SUMMARY OF THE INVENTION
Briefly, a preferred embodiment of the invention discloses an
improved soft style snowboard boot which is internally reinforced
by a multi-piece boot support assembly that includes a rigid molded
plastic shank portion, a semi-rigid molded heel cup portion, and a
molded or die-cut plastic highback portion. The shank portion is
designed to resist flex, and provide ergonomic support for the
foot, and further includes molded-in features which permit positive
mechanical fastening of conventional step-in binding attachment
structure, such as bail members or cleats, to the bottom or outsole
of the boot.
A pair of length adjustable tensioning strap members are connected
between the shank and highback portions of the boot support
assembly.
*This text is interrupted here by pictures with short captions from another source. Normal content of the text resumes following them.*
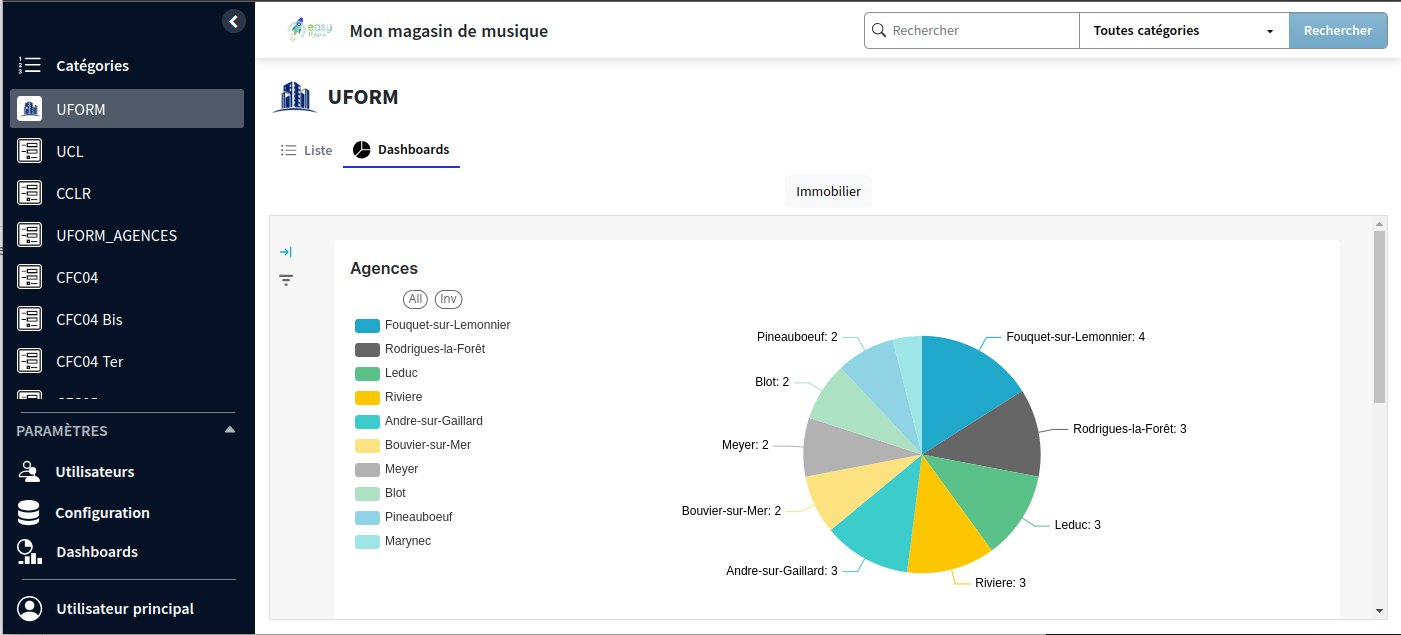 page dashboard dashboard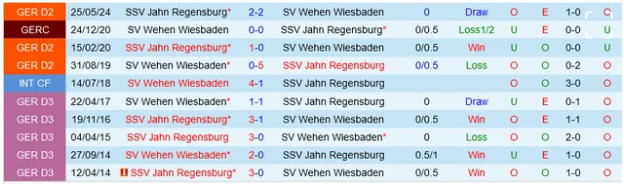 Đối đầu Wehen Wiesbaden vs Jahn Regensburg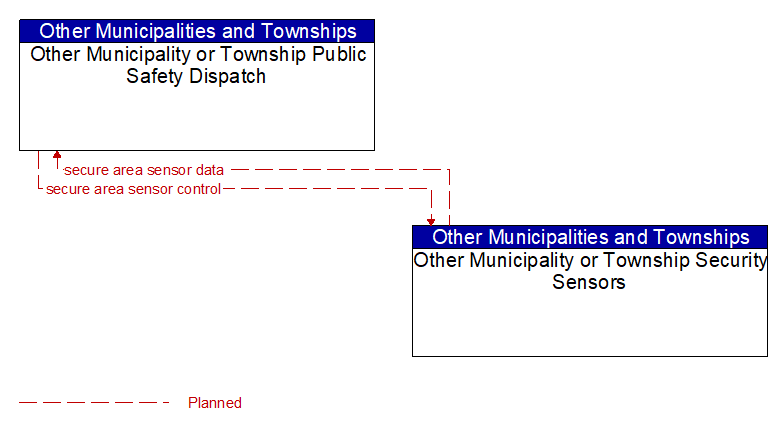 Context Diagram - Other Municipality or Township Security Sensors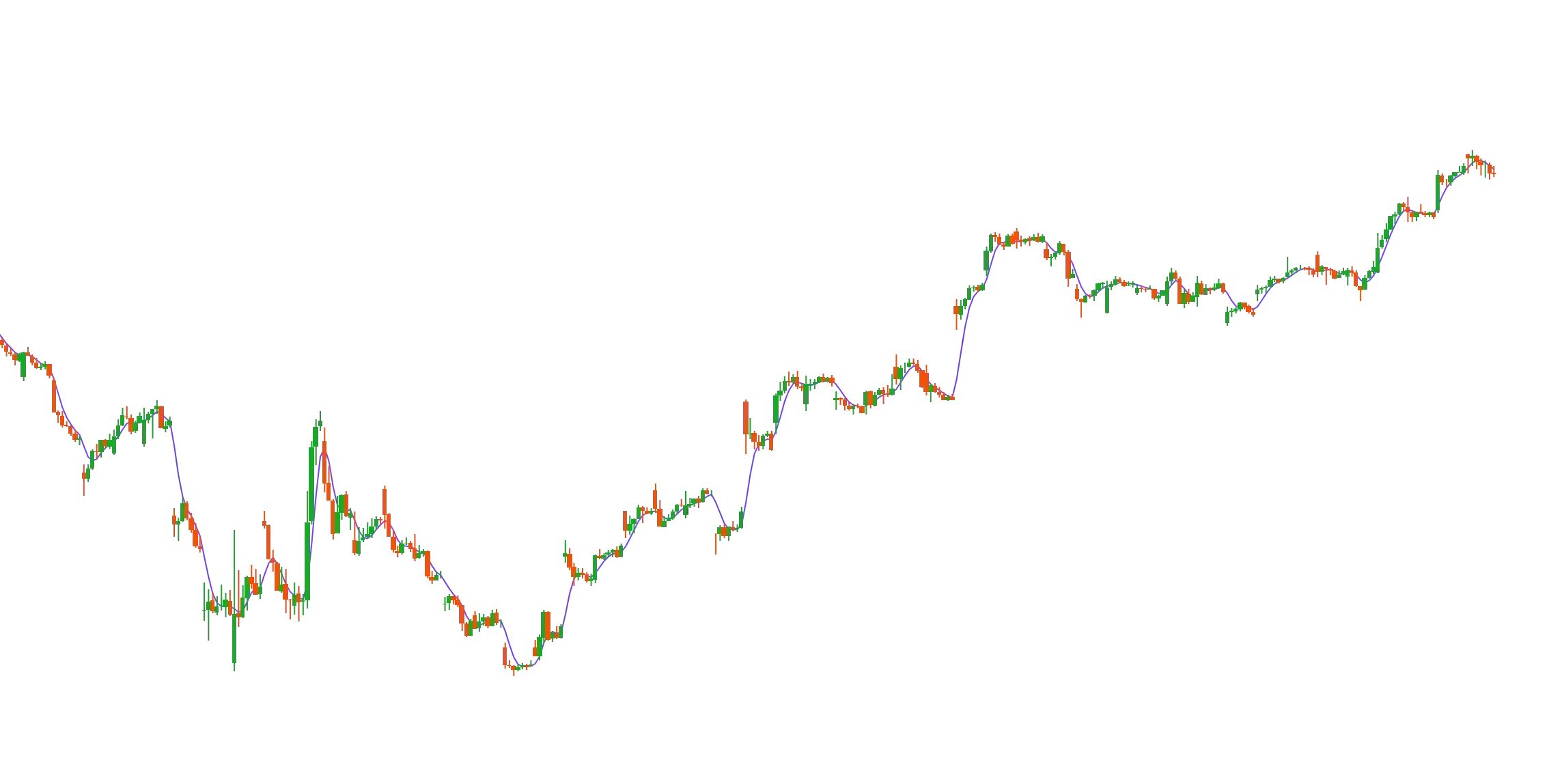 A0 Custom X Moving Average PS TEST 3image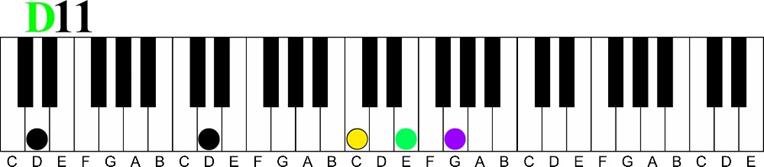 d 11 voicing Major 7 11th Chord Sequence 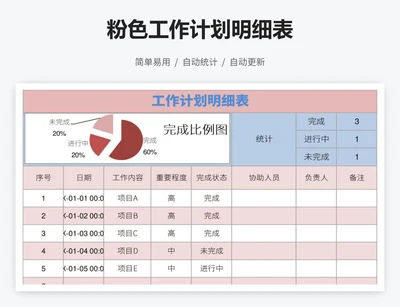 粉色工作计划明细表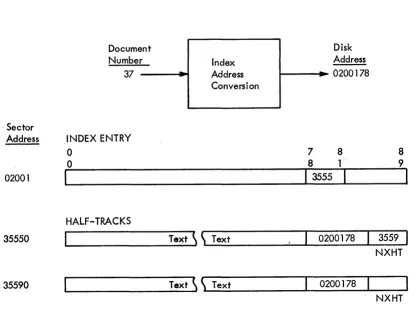 Figure 5. Example of permanent storage 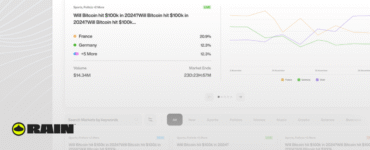 Rain Trade adota modelo descentralizado em mercados preditivos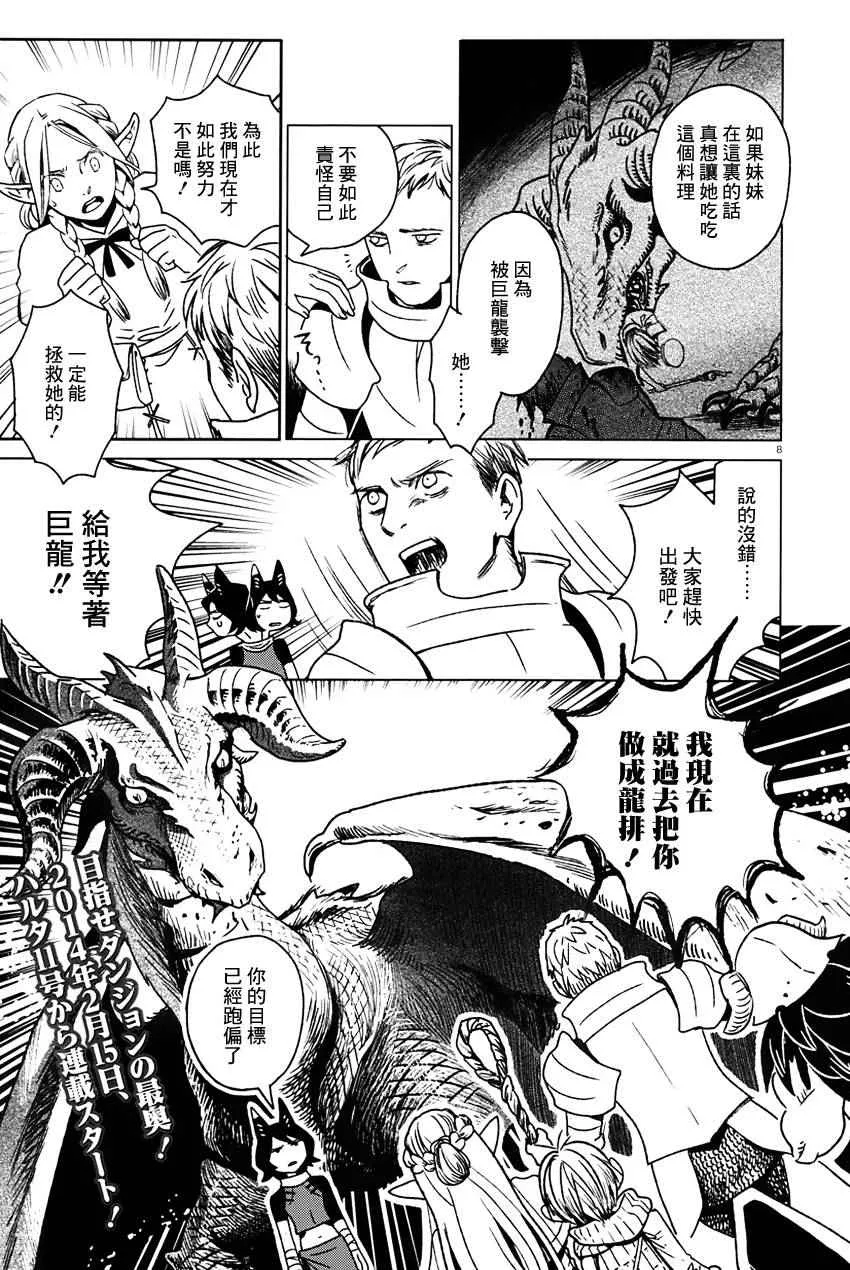 第0话 第8页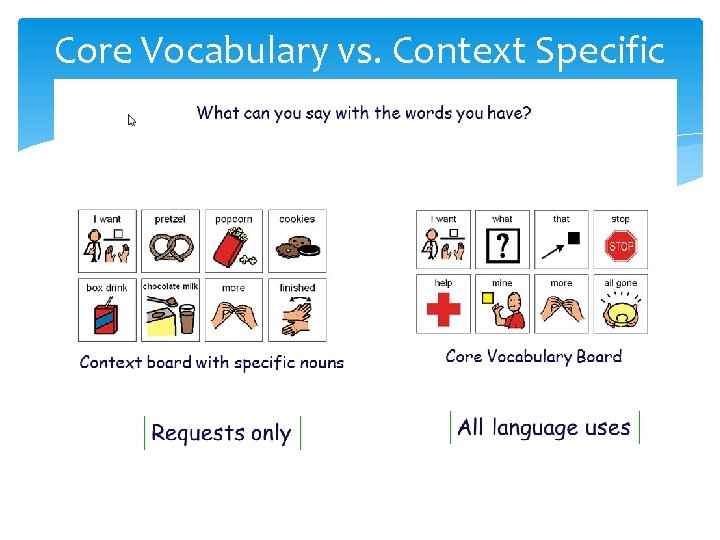 Core Vocabulary vs. Context Specific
The tensioning straps are operative to induce a desired
forward lean in the highback portion by pulling them tight and
securing them in place. The straps may be tightened independently
of each other to provide a desired side bias, left or right, to the
highback portion.
The straps may be contained within the outer boot portion of the
snowboard boot or may be exteriorly routed through slots provided
in the outer boot portion for more convenient tension and/or
release adjustment to the forward lean of the highback portion.
The heel cup portion is mechanically fastened to the shank portion.
This intermediate piece supports the highback, but is also designed
to provide a forward flexing or hinging motion at the ankle joint,
thus mimicking the rider's natural ankle rotation. In addition, the
heel cup portion locates and holds the heel in a fixed position,
thus preventing "heel lift" which is detrimental to the control of
the system.
The highback portion is mechanically fastened to the heel cup via a
matrix of adjustable holes or slots provided in the highback
portion. The highback portion can be repositioned to the right or
to the left, or can be fastened in such a way so as to allow the
highback portion to pivot from side to side by simply removing one
or more fasteners. The alternate biasing of the highback portion
provides the rider with the option of selectively rotating the
"spine" of the ankle support system in such a way that either
forward ankle movement (straight back to front) is primarily
resisted by the center position, or lateral ankle movement (side to
side, diagonally back to front) is the primary force resisted by a
left or right positioning of the highback.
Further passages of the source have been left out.